By Their Words Shall Ye Know Them: on Linguistic Identity

By Their Words Shall Ye Know Them: On Linguistic Identity

Malcolm Coulthard

(In Caldas Coulthard and Iedema (sds) 2007 Identity Trouble Palgrave, 143-55

A high-profile New Zealand lawyer has decided to wear women's clothing to court to highlight male bias within the justice system.

 Introduction

My main professional interest in the communication and interpretation of signals of identity is in the context of forensic authorship attribution and so I focus particularly on what pit is possible to glean early in an encounter with a previously unknown speaker/writer. My main personal interest is in the experience of semi- competent non-native speakers struggling to maintain their identity in a new culture.

My title reflects the fact that, as a forensic linguist, I work almost exclusively with written texts and therefore focus mainly on lexico-grammatical items, but I certainly do not intend to exclude from consideration the clues provided via the phonological and paralinguistic channels, nor the information that can be derived from topic selection and interactive strategies and structures. I will, however, say nothing about any non-linguistic signalling, even though that can often be a very powerful initial marker of identity, as 67-year old Rob Moodie demonstrated when he arrived at court in a blue skirt and stockings and asked to be addressed as Ms Alice. Interestingly, though, the former rugby player still felt the need to make explicit linguistically the significance of his new sartorially transmitted identity, just in case someone misinterpreted the signal as non-ironic: "I'm objecting to the male ethos that is dominating this case"

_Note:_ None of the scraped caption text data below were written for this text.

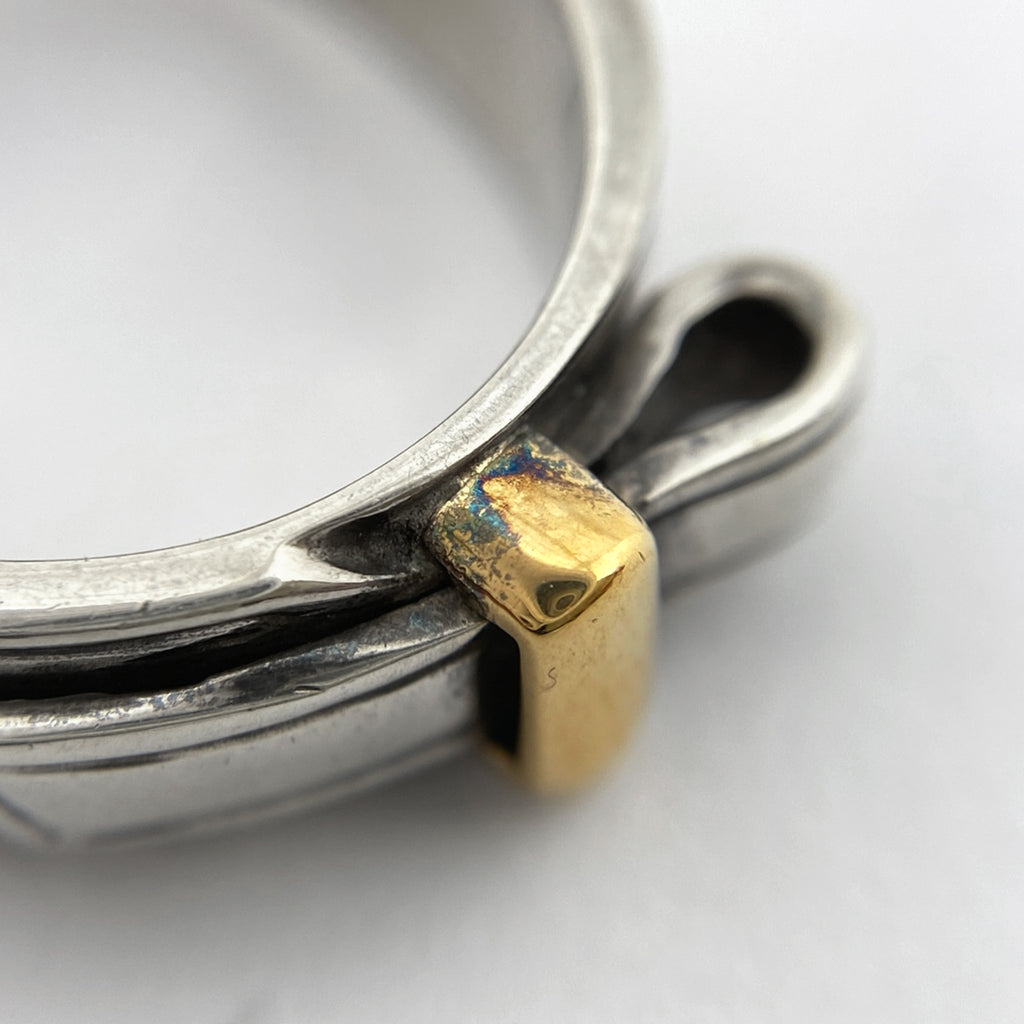 エルメス アルテミス リング 指輪 リング 10号 シルバー925 750 シルバー ゴールド レディース 【中古】bracc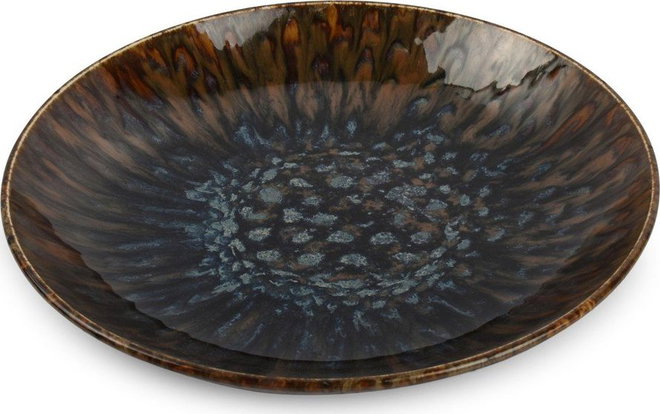 Hnědý hluboký porcelánový talíř ø 26 cm Resto – BonBistro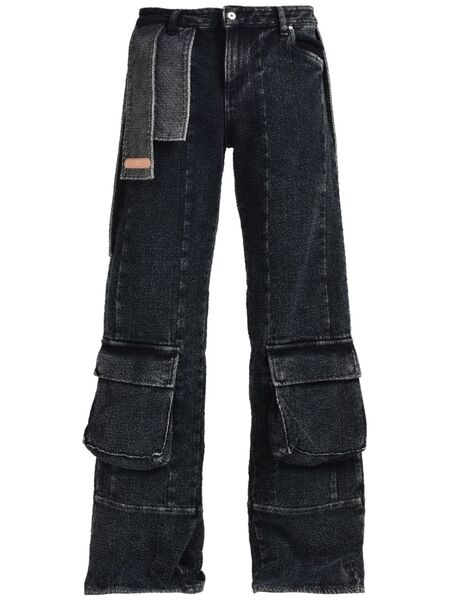  Pdf Bouclé Wide-leg Jeans - Blue 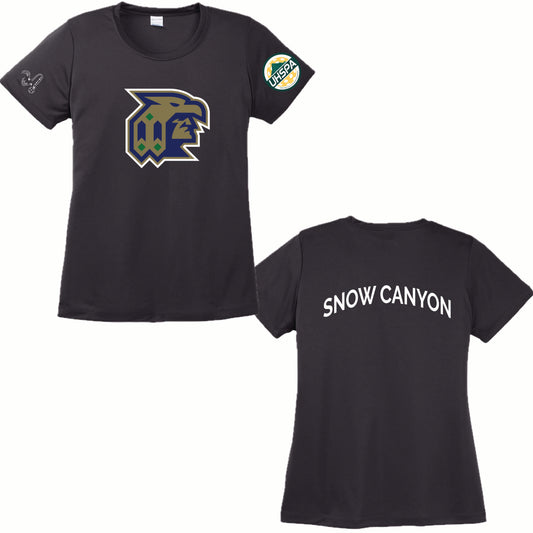Snow Canyon High USHPA | Women's Short Sleeve Crewneck T-Shirts | 100% Polyester (Copy)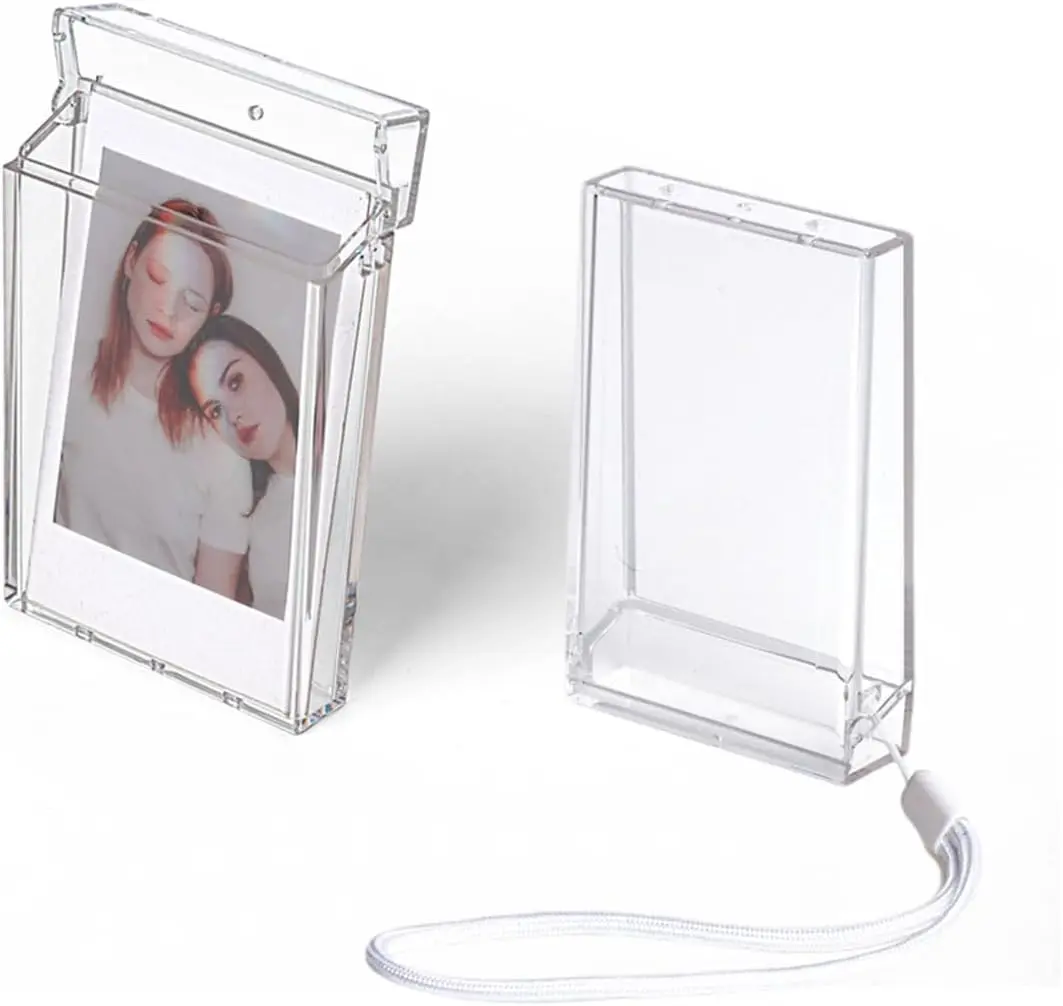 Picture Holder Storage Case for Fujifilm Instax Mini 12/11/90/40/9/8/7/7+/EVO, Instant Camera Film Accessories 3 inch Photo Pouch, Travel Photo Holder Protective Case w/Wrist Lanyard -2 SetGift.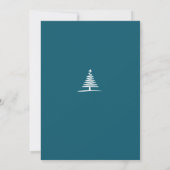 Carte de Noël simple | Arbre de Noël minimal (Dos)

As will already be evident my concerns are much narrower than those of the majority of the other authors in this book; whereas they are in the main examining multi-faceted and complex aspects of identity, I am looking at a small number of low level linguistic realisations, but hopefully we are all engaged in describing different aspects of the same picture.

 Lay Decoding of Identity Features

From the moment we begin to interact with a previously unknown speaker/writer we start to construct an identity for them, first collecting individual clues and then trying to link those early clues together, like beginning a jigsaw puzzle without a picture of the assembled whole, joining single pieces together and then producing small but growingly significant clumps until it is possible to form an impression of how the whole must look.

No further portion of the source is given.